Water Shall Refuse Them by Lucie McKnight Hardy

Water Shall Refuse Them cover

Water Shall Refuse Them is an retro coming-of-age novel with a horror edge, set in a heatwave in 1970s rural Wales. Sixteen-year-old Nif, her little brother Lorry, and her parents are spending the summer in a cottage in Wales following the death of her sister. Instead of healing, the sweltering atmosphere and isolation only exacerbates their problems: her mother’s grief, her father’s frustration, Nif’s own belief in strange rituals that might bring her answers. Nif meets a strange teenage boy, Mally, who has his own secrets, but neither he nor his mother Janet seem to be quite what the family need and the locals seem to hate them.

The sense of atmosphere in the novel is impressive and unnerving, a kind of haze where heat and grief and twisted rituals float like logic. The combination of mundane and folk horror elements with retro coming-of-age give the story a real charge, and it feels like a very British twist on a style that may seem more American, from authors like Shirley Jackson. Grief and adolescence are made strange, whilst the logic of superstition and the power of belief are almost tangible. The senses are crucial too, with sound and scent prevalent and there being a feeling of the heatwave hanging over the entire story.

This is a debut novel that allows for ambiguity and doesn’t tell the reader everything, building up atmosphere and a really eerie sense of what might happen. In her wild and unsettled protagonist, Lucie McKnight Hardy creates a character both sympathetic and menacing, and in some ways the whole novel feels like following a trail littered with bad omens, much like the dead animals littered throughout the book. The writing and atmosphere is what really makes it memorable, as well as the unnerving line between superstitious horror and twisted human nature and emotion.

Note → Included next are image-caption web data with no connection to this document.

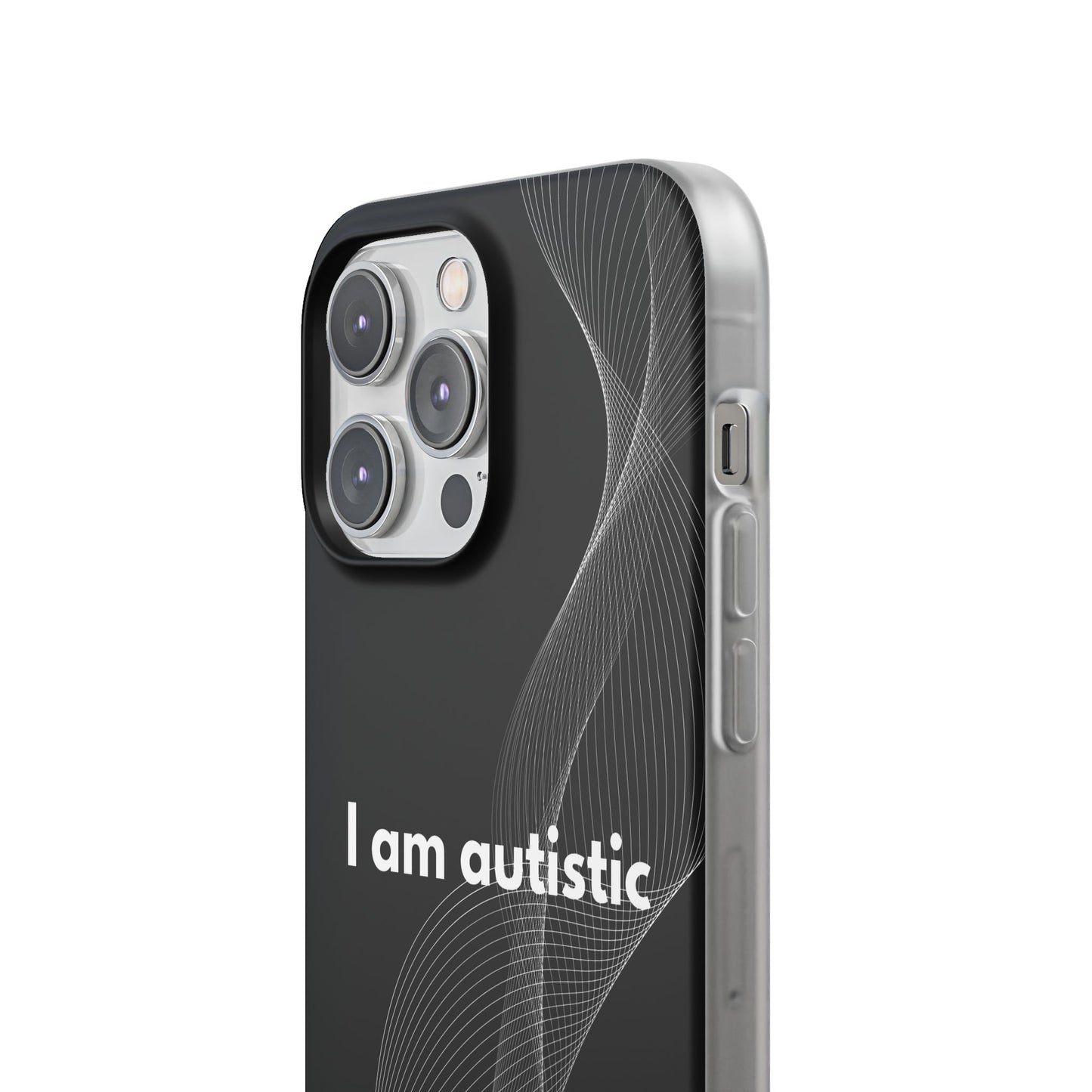 "I am autistic -black version" High Quality Phone Case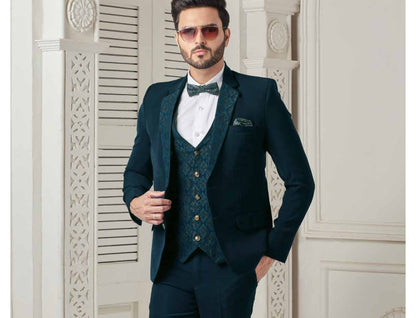 Green Suit for Men: Ethnic Wedding Wear, Bespoke 2-Piece Suit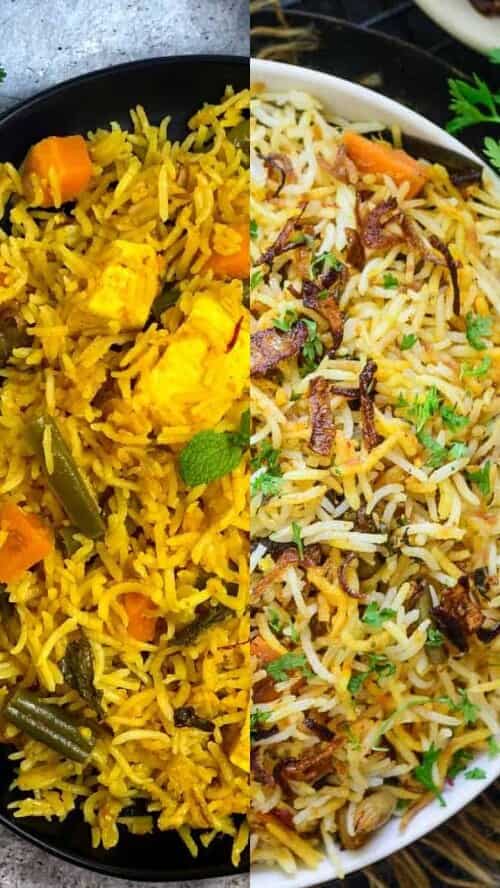 Pulao vs Veg biryani Know the difference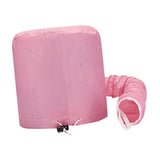Maxbell Hair Dry Hoods Styling with Drawstring Strap Attachment Hair Dryer Bonnet pink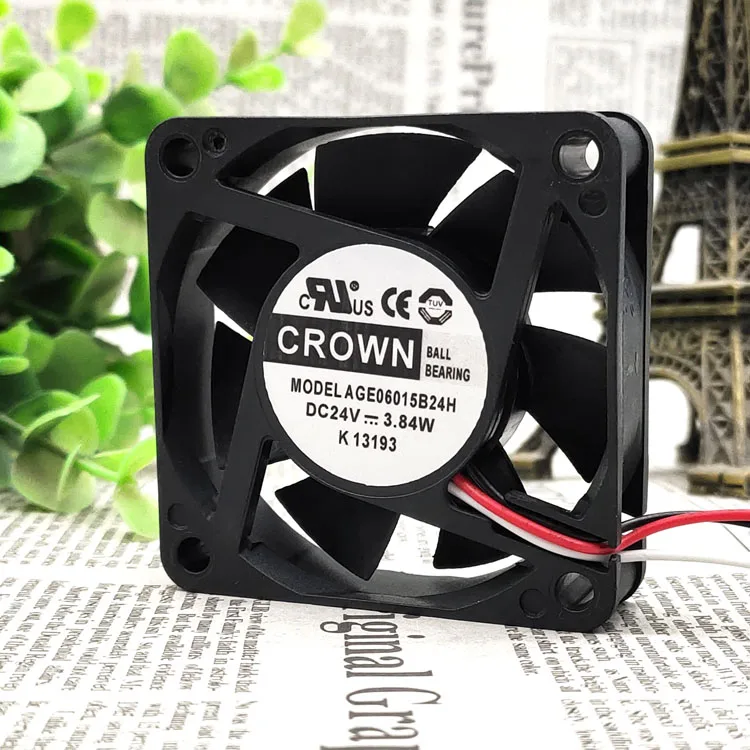 BRAND NEW AGE06015B24H DC 24V 3.84W 6015 6CM COOLING FAN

Fabulous by Lucy Hughes-Hallett

Fabulous cover

Fabulous is a collection of short stories that retell famous myths in modern Britain, twisting ancient tales into relatable modern snippets. Orpheus, Psyche, Tristan and Isolde, the Pied Piper, and Mary Magdalen are just some of the figures given fresh new versions of their stories, mixing criminal gangs, immigration, estate agents, pest control, love and more.

The stories are knowing and witty, using observations and comments on modern society to try and make these very famous tales fresh. As expected, they vary in how they engage with the source tale, but the original myth is always central to the narrative and characters. Stand out highlights include the story of Diana and Actaeon with estate agents, Pasiphae and the minotaur with seaside gangsters, and adding further complications and some pink pills to the story of Tristan and Isolde. The two Biblical ones—Joseph and Mary Magdalen—are interesting, but may be more appreciated by someone who doesn’t have more knowledge of Greek myth and Arthurian legend than Biblical material.

It is the kind of book that is perfect for picking up and reading single stories, dipping in or choosing the figures that most interest you. The modern retellings are clever and fun, and the end has a quick guide to the original tales for anyone who didn’t know (or Google) them previously. There’s a delight in how famous the original stories are and how ordinary the characters in these versions can be. 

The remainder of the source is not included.